■ **Assignment**: Beginning with the line that contains "Joven mujer comienza", reproduce every line through the end of the records below exactly, and leave the pictures out.

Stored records
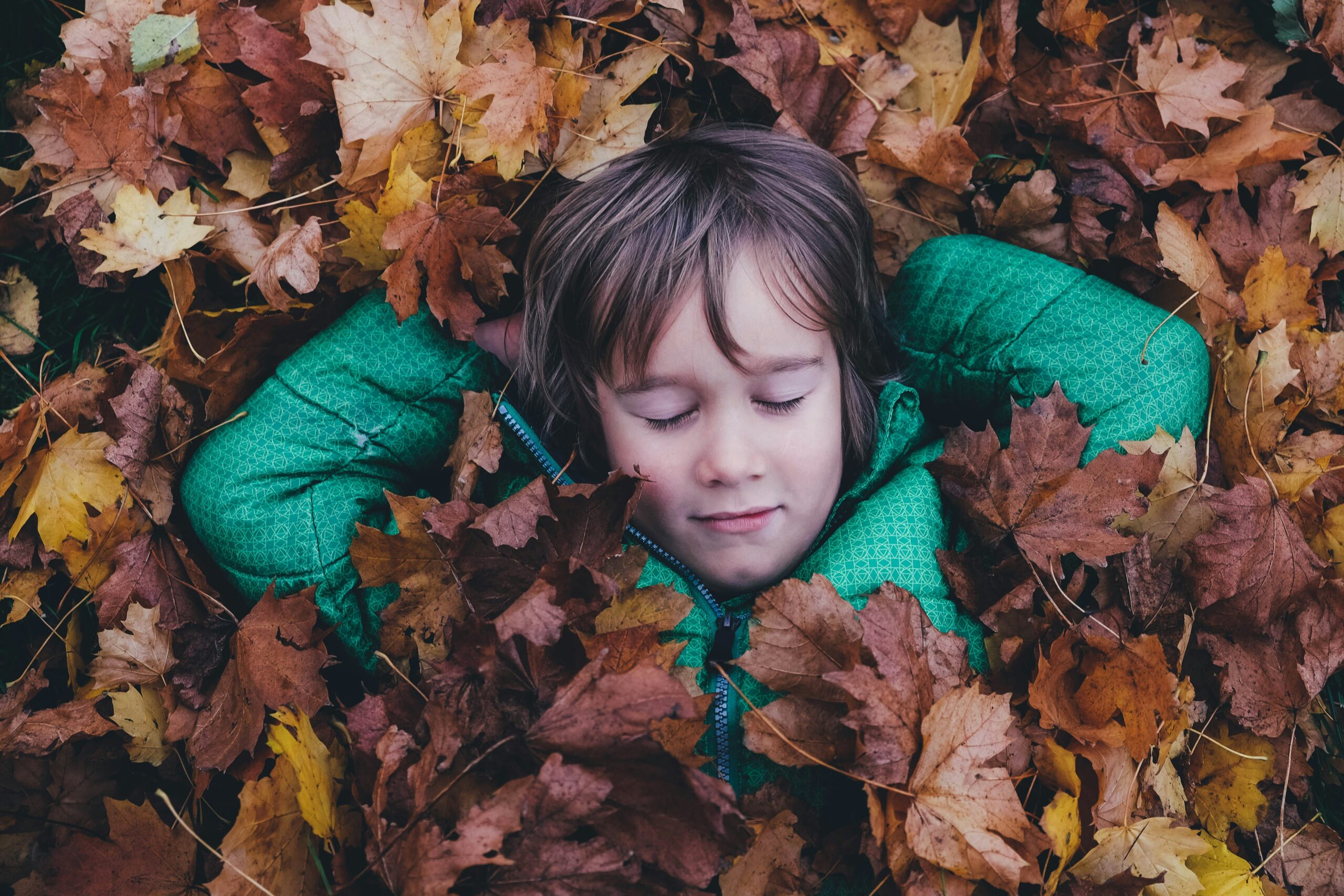 Kid laying in fall leaves with his hands behind his head and his eyes closed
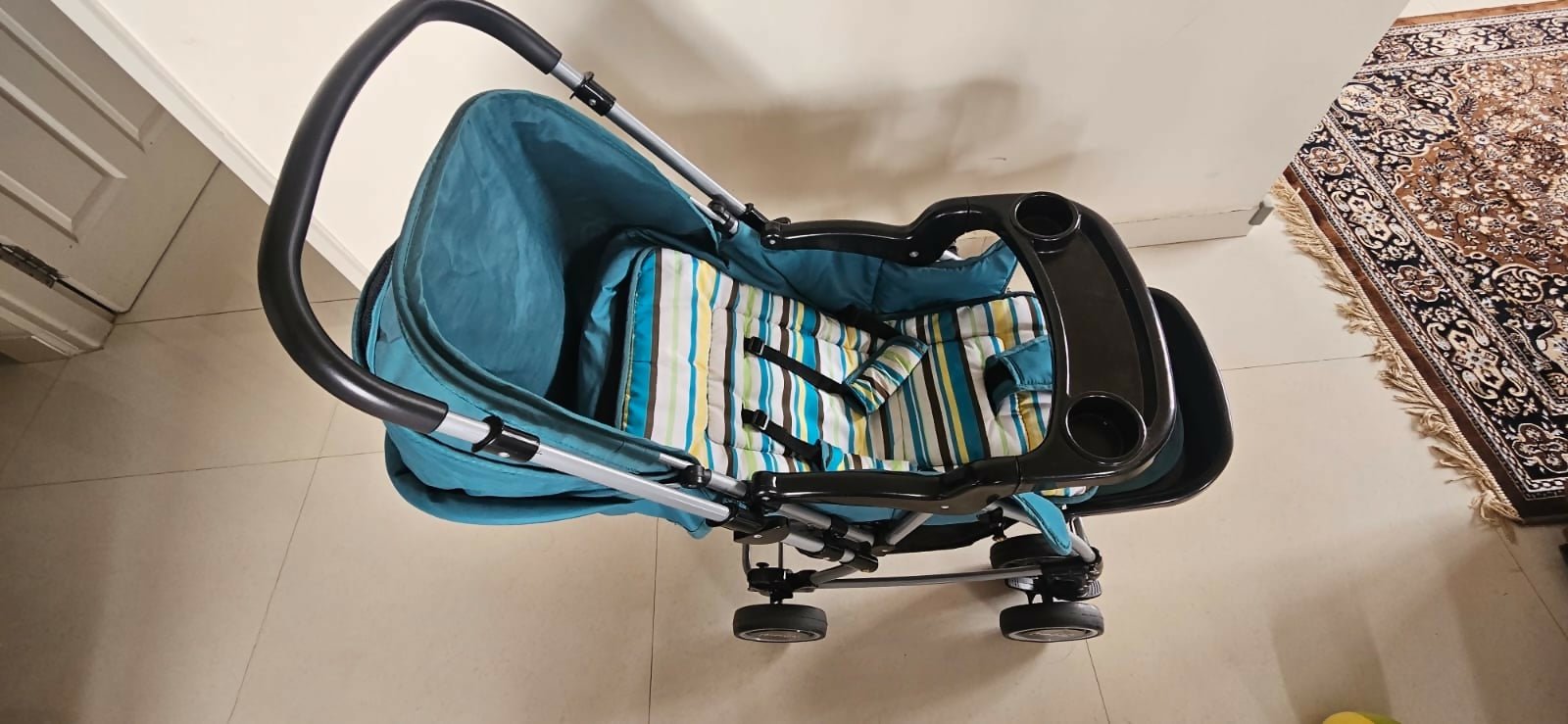 BABYHUG 2-in-1 Rock & Roll Stroller/Pram Cum Rocker with a convertible stroller and rocker design, reclining seat, reversible handle, adjustable canopy, 5-point safety harness, and foldable frame for versatile everyday use.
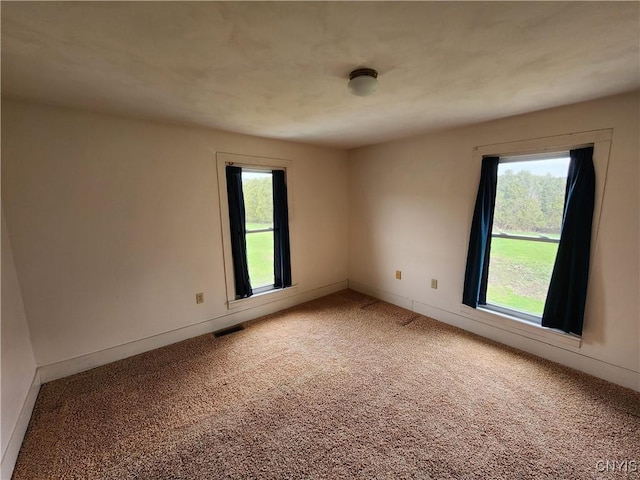 empty room featuring light carpet, visible vents, and baseboards
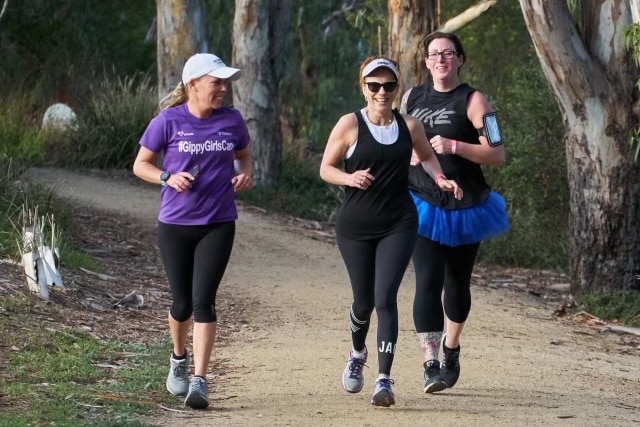 three women running and smiling.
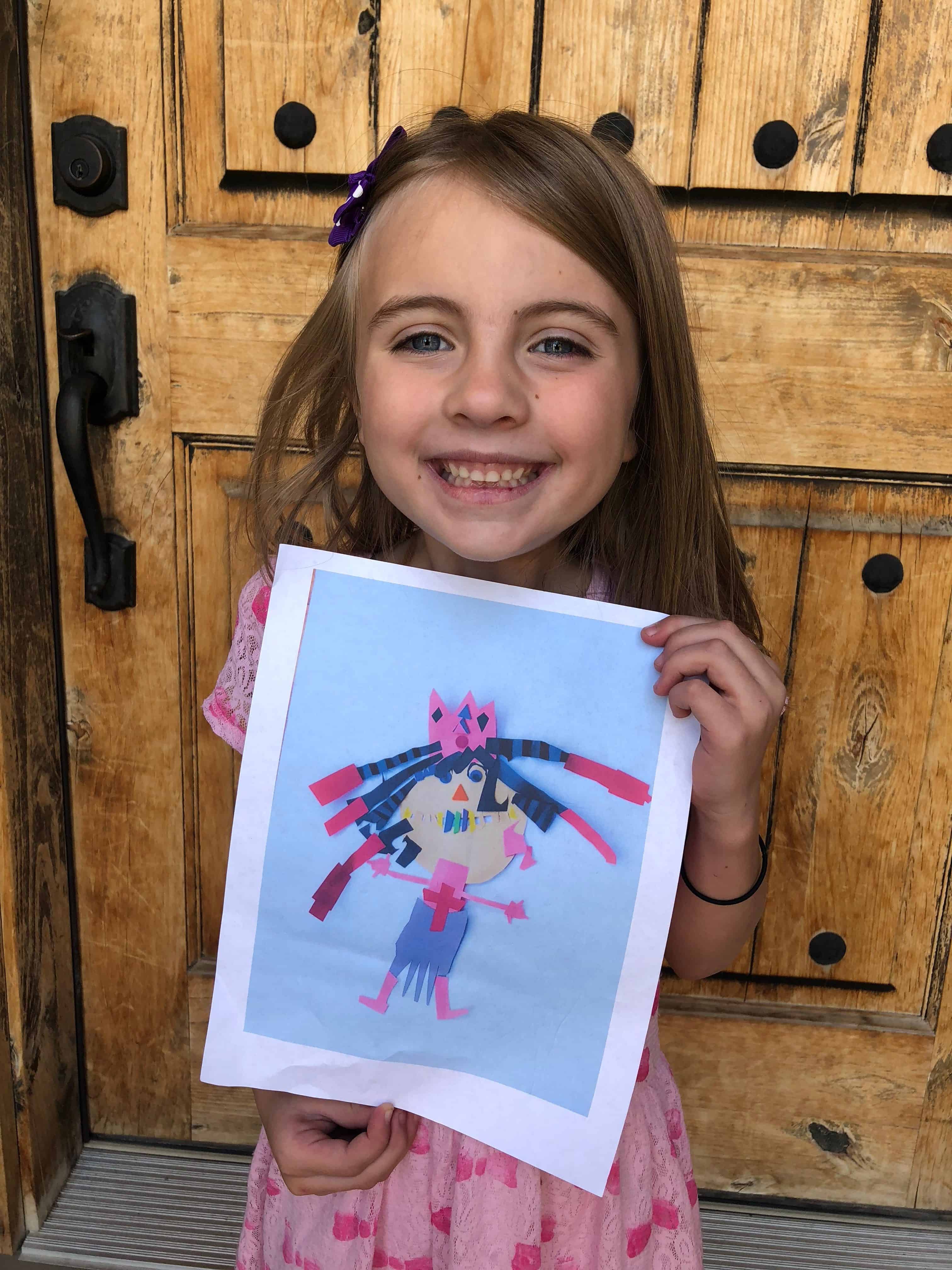 A little girl posing for a picture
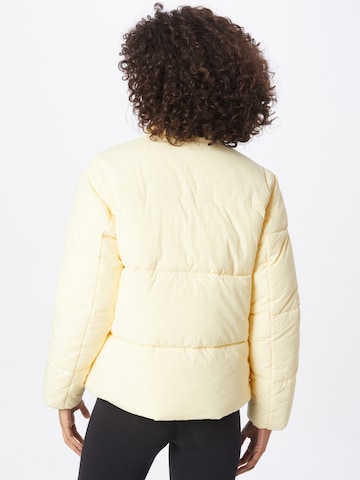 Champion Authentic Athletic Apparel Winter jacket in Yellow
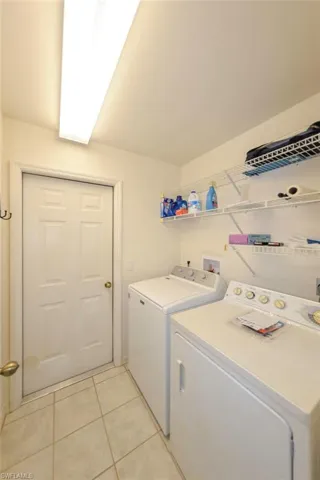Interior laundry room with washing machine and dryer is off the master bedroom hallway and adjacent to...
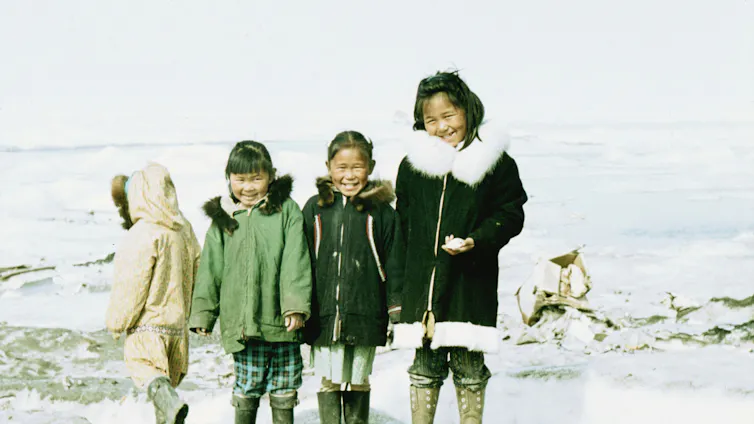 Four Inuit children.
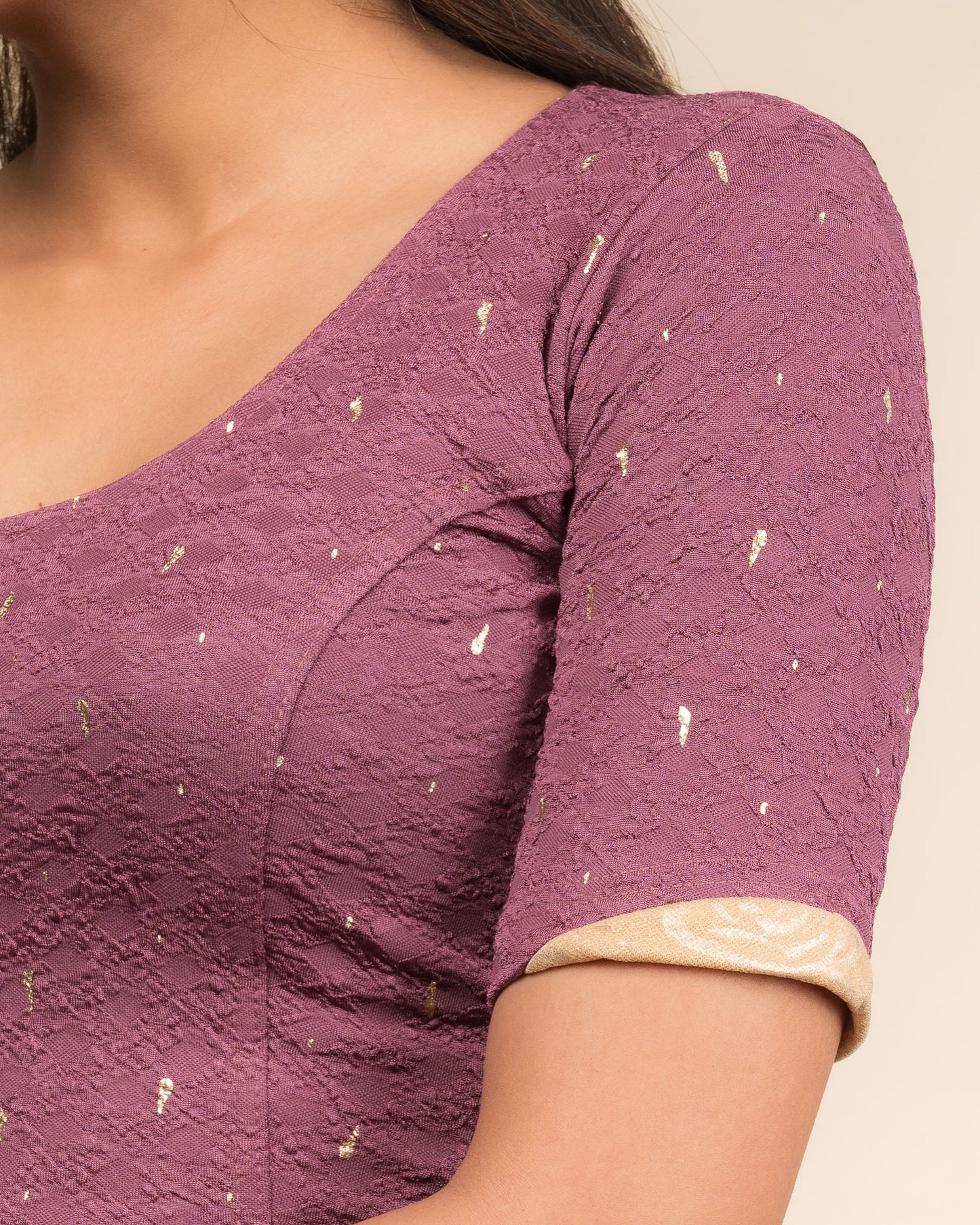 Close-up showing jacquard fabric with metallic drop accents.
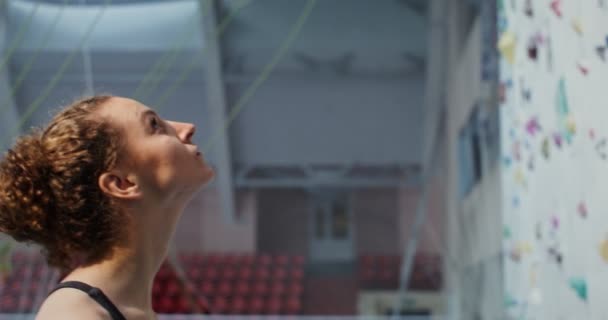 Joven mujer comienza a subir la pared de escalada agarrando piedras artificiales — Vídeos de Stock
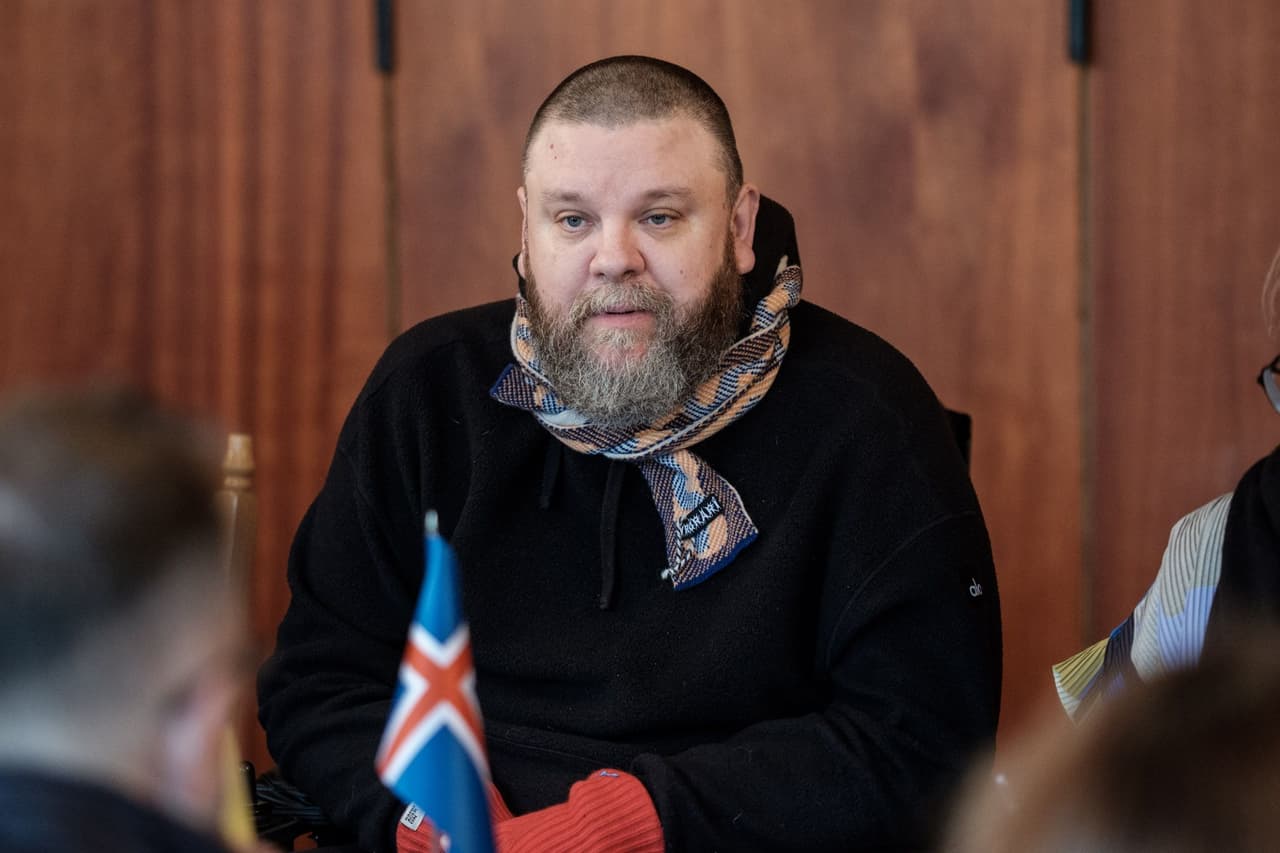 Людина з бородою, вдягнена в чорний светр, різнокольоровий шарф і червоні рукавички, сидить у приміщенні з дерев’яними панелями на стіні. Перед нею — маленький прапор Ісландії, що може свідчити про національну приналежність або контекст події. Поруч частково видно інших учасників, що створює атмосферу формальної або напівофіційної зустрічі. Сцена передає міжнародну присутність і інклюзивність у професійному середовищі.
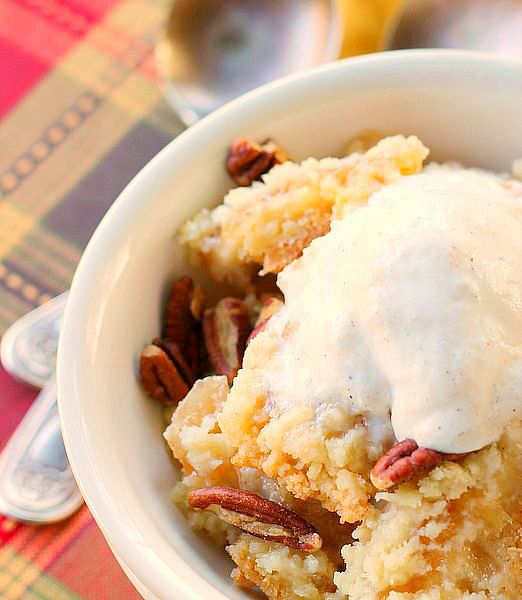 A white bowl of sugar cookie apple crisp with pecans and topped with ice cream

■ **Response**:
 Joven mujer comienza a subir la pared de escalada agarrando piedras artificiales — Vídeos de Stock
 Людина з бородою, вдягнена в чорний светр, різнокольоровий шарф і червоні рукавички, сидить у приміщенні з дерев’яними панелями на стіні. Перед нею — маленький прапор Ісландії, що може свідчити про національну приналежність або контекст події. Поруч частково видно інших учасників, що створює атмосферу формальної або напівофіційної зустрічі. Сцена передає міжнародну присутність і інклюзивність у професійному середовищі.
 A white bowl of sugar cookie apple crisp with pecans and topped with ice cream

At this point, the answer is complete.